When JP Duminy tweeted in the aftermath of the Lord's victory: "Getting to the top of the mountain is just the start of the work", he was referring to one of Horn's stories.

Reverse journey
Unlike the travel bore who always has a tale to tell about the day he was almost trampled by an elephant in Borneo, Horn really has done it. When he talks, people listen.

As children, most of us climbed a tree or scrambled up a rock face, only to discover that the reverse journey was infinitely harder. Horn found the same to be true, having completed the hardest climb on Earth, up the "dark" side of K2, the world's second-highest peak. Only when he finally reached the summit did he realise how much work he still had left to do.

The analogy only partly works for the Proteas, of course, because they have no intention or desire to climb back down from the number one Test ranking, but they are aware that staying there will be harder than getting there. Horn and his companions never looked behind them (or down, for that matter) on their way to the top of K2. It was only after they had got there that they took stock of their situation.

Graeme Smith used some colourful phrases after the match, too – "Hornisms", if you like. "We need to make sure that, when the wind blows, it doesn't blow us over."

Walking unaided to the South Pole for six weeks in the never-ending blackness of winter in temperatures hovering somewhere between -40°C and -50°C would be enough of a challenge without having to worry about wind speeds of up to 170km/h. And worse: if the wind blows you over, you could end up in a ravine. And that's that.

One can only imagine the images in Smith's mind when talking about strengthening the bowling reserves for the months ahead.

A good show
The immediate challenge for the Proteas now is a little more manageable – a five-match one-day series against England, followed by three T20s and the T20 World Cup in Sri Lanka. As we are quickly realising, coach Gary Kirsten is sensitive to the players' emotional space. Only two members of the Test team (Hashim Amla and Imran Tahir) played in Wednesday's warm-up match against Gloucestershire in Bristol, while the others continued their "recovery" from the dizzying heights of victory at Lord's.

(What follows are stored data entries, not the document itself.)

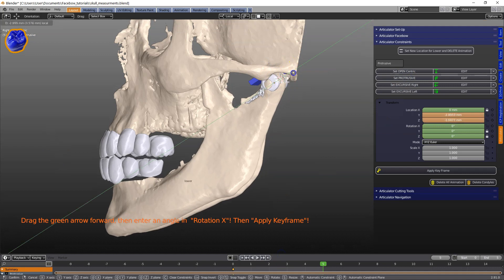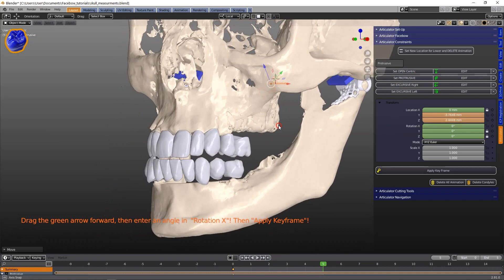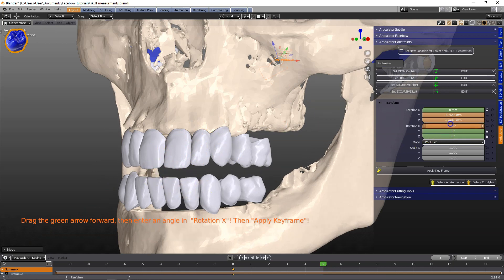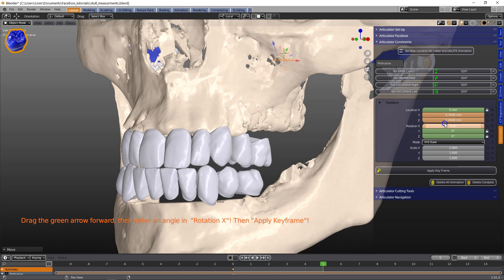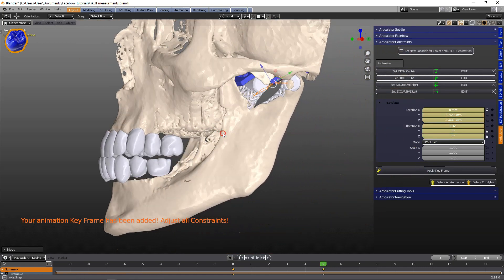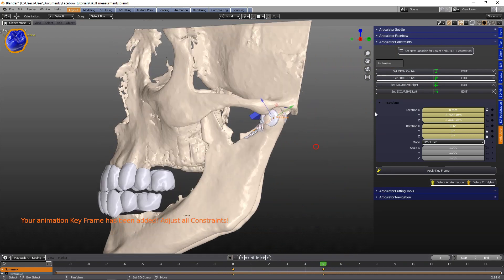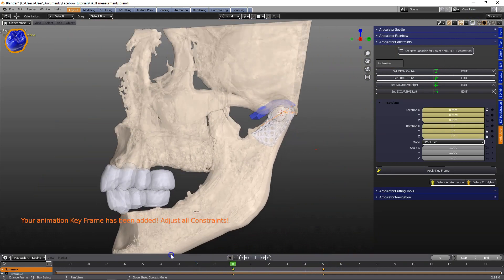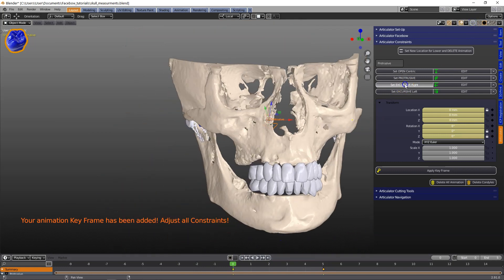Then I'm going to do the protrusive and close the bite a little bit as well. If these were the patient's teeth we could set it exactly into the wear facets. Then apply the keyframe and the animation has been set. From the side view you can see how the jaw moves down.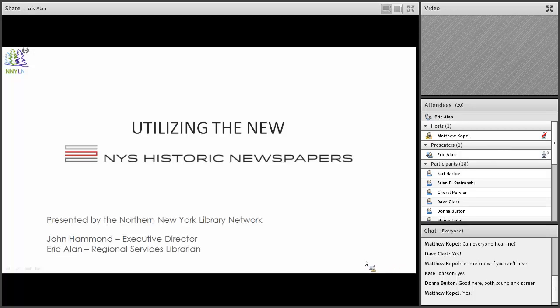Welcome to the Northern New York Historic Newspapers website presentation. This presentation takes about 60 minutes, but we've allotted 90 minutes because I'm encouraging everyone — if you have any questions, concerns, or want to talk about what we're discussing, please raise your hand or type in the chat window and I'll be glad to discuss your questions.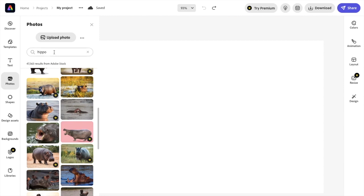So once you have the image, you can either upload your own photo if you want. For example, how about I search up a picture of a turtle.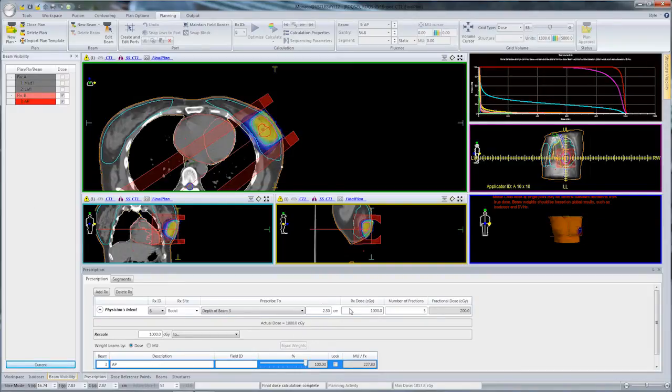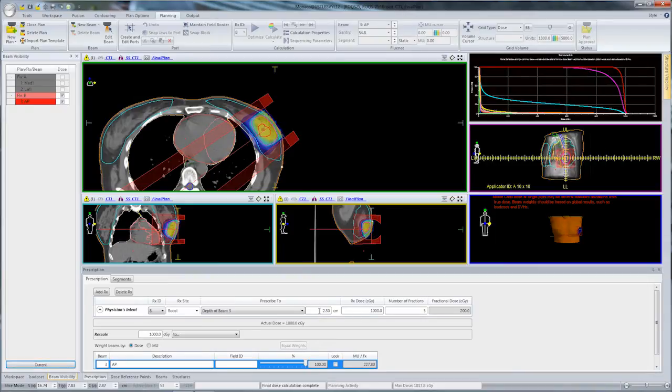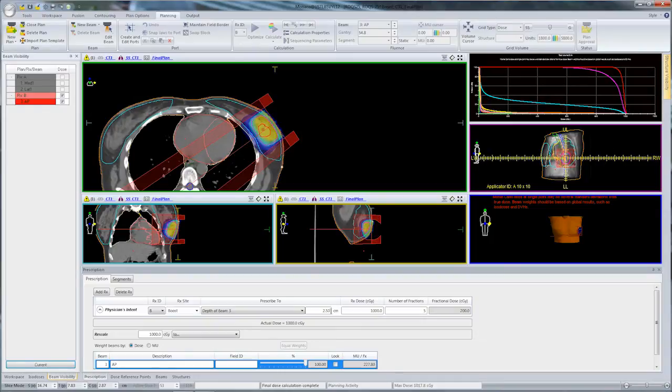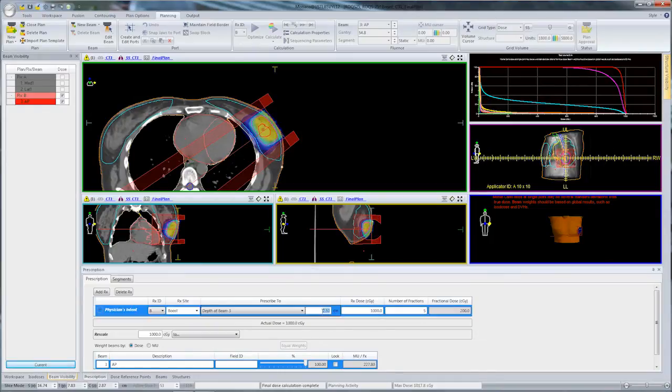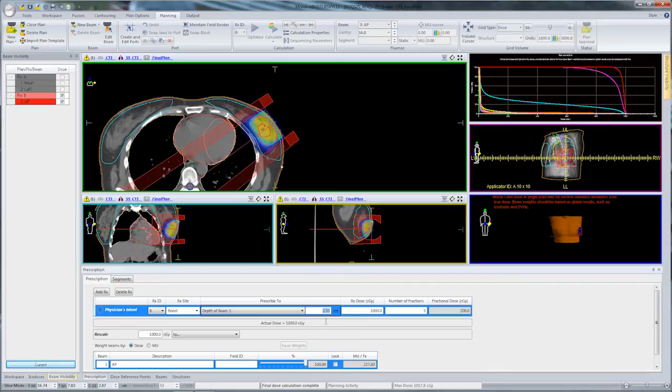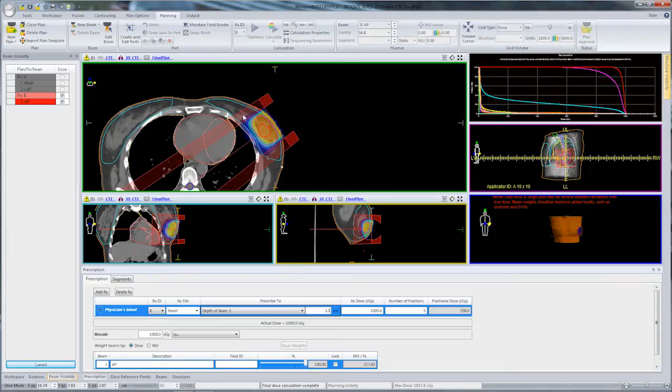We've got this prescribed right now at 1000 centiGray at 2.5 centimeters. If we want to prescribe to a different depth, we can edit the value here, maybe make it 3.5 centimeters. The dose will automatically update to reflect the new depth.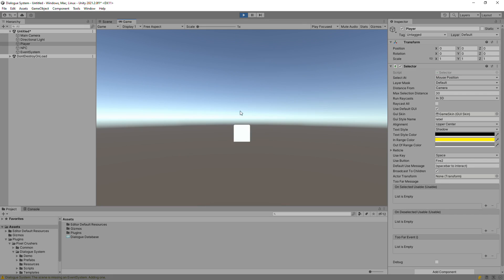When you mouse over the cube, the selector detects it. If you right-click with the mouse, it will start the conversation.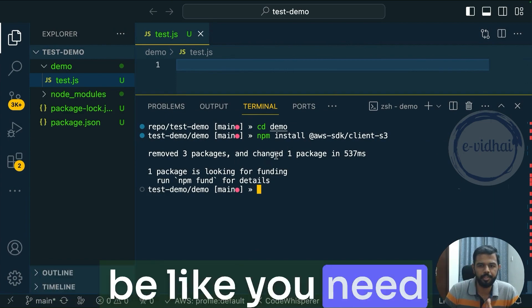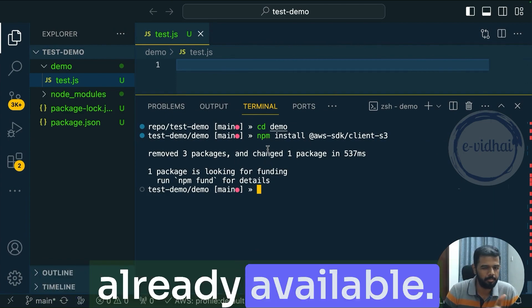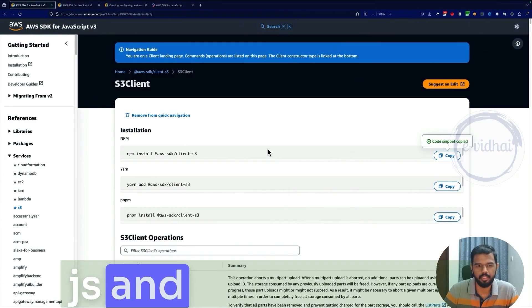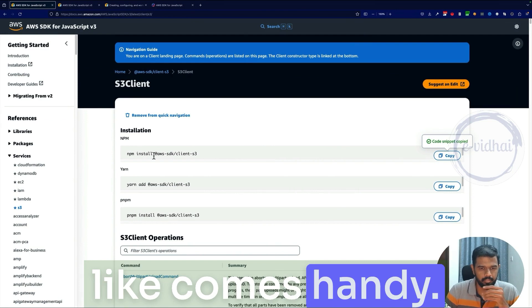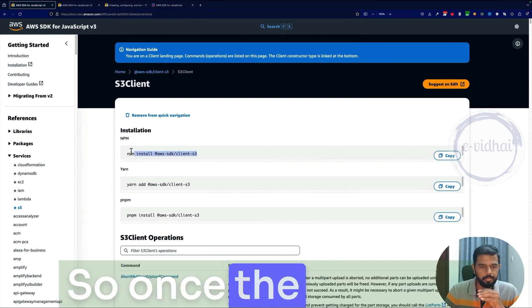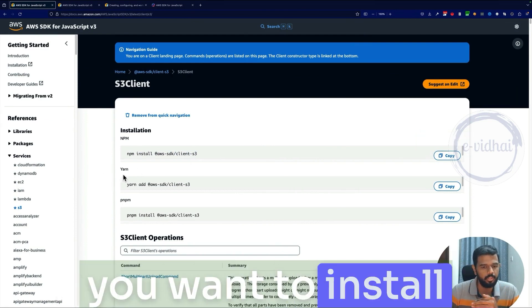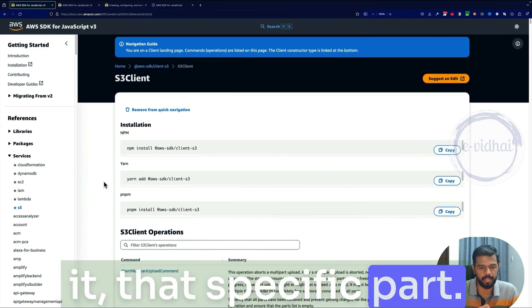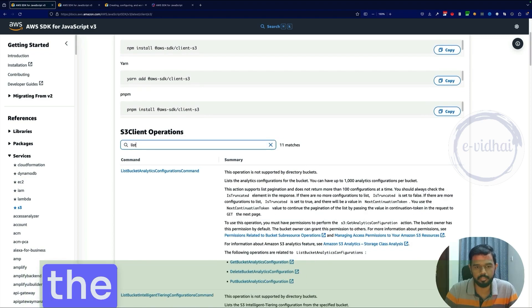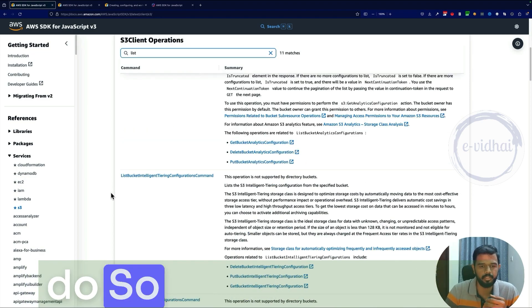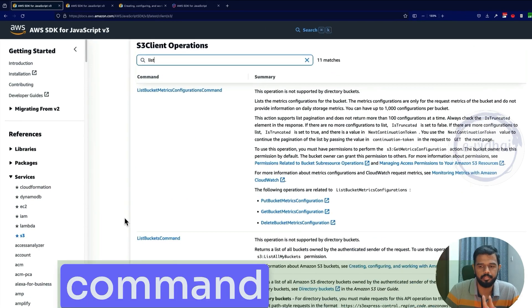Prerequisites people, you need to install the Node.js, which is already available in JS and that would come handy. So once the specific S3 or what service you want to install, that specific part, and then you search for the action you want to do.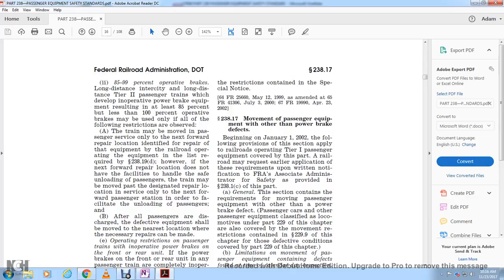Section 238.17 - Movement of passenger equipment other than for power brake defects. Effective January 1st, 2002, the following provisions apply to railroads operating Tier 1 passenger equipment covered by this part. A railroad may request earlier application of requirements upon written notification to the FRA Associate Administrator for Safety, as provided in section 238.1(c).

And the newcomers put on a good show, too, beating a motivated county side by three wickets with an over to spare while chasing 262.

Kirsten instinctively "knows" how players are feeling – he sees through eyes that have seen it all already and he creates the environment in which they can be honest.

The morning before the Lord's Test dawned grey and drizzly. One of the many established routines that had upset Kirsten's equilibrium as a player was going to prescribed training in the knowledge that hitting balls in the artificial confines of an indoor net centre was the best he could hope for. He knew it did more harm than good. Yet everyone did it.

Not any more.

Besides, the majority of the players' wives and partners had arrived two days earlier, so why not have a relaxed breakfast? Training was optional. Amla and Morné Morkel went, but only to "visualise" and gain a sense of what lay ahead.

Andy Flower, the England coach, was flabbergasted: "They must be very confident," he mused.

Yes, they were. But, crucially, not overconfident.